There is an inclusion $f : \mathbb{Z} \hookrightarrow \mathbb{R}$. Furthermore, if $A \subseteq \mathbb{R}$ has a maximum element, then so too does $f^{-1}(A)$. There is also an inclusion $g : \mathbb{Q} \hookrightarrow \mathbb{R}$. However, $g^{-1}(-\infty,\pi]$ does not have a maximum element, despite that $(-\infty,\pi]$ does.
Question. Suppose $Q$ and $R$ are linearly ordered sets, and that $f : Q \rightarrow R$ is an injective order-preserving map that is both cofinal and coinitial. If every subset of $R$ with a maximum element has the property that its preimage under $f$ has a maximum element, does it follow that every subset of $R$ with a minimum element has the property that its preimage under $f$ has a minimum element?

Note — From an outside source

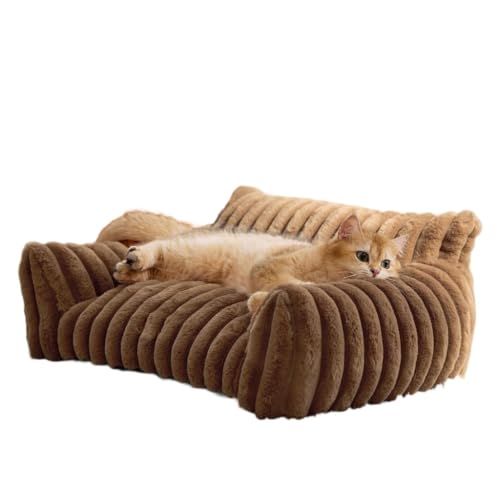 LEIDJGUN Kuschelbett für Hunde und Welpen, luxuriöses Kissen, Sofa für kleine bis große Haustiere, kreatives Haustierbett, dickes Nest LEIDJGUN Kuschelbett für Hunde und Welpen, luxuriöses Kissen, Sofa für kleine bis große Haustiere, kreatives Haustierbett, dickes Nest von LEIDJGUN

Please comment if any of the terminology needs clarification.
No. Let $R=\Bbb R$ and $Q=\left\{\frac1n:n\in\Bbb N\right\}\cup(\Bbb Z\setminus\{0\})$, and let $f$ be the inclusion map. If $S\subseteq R$ has a maximum element, so does $f^{-1}[S]$, but $f^{-1}\big[[0,1]\big]$ has no minimum element, even though $\min[0,1]=0$.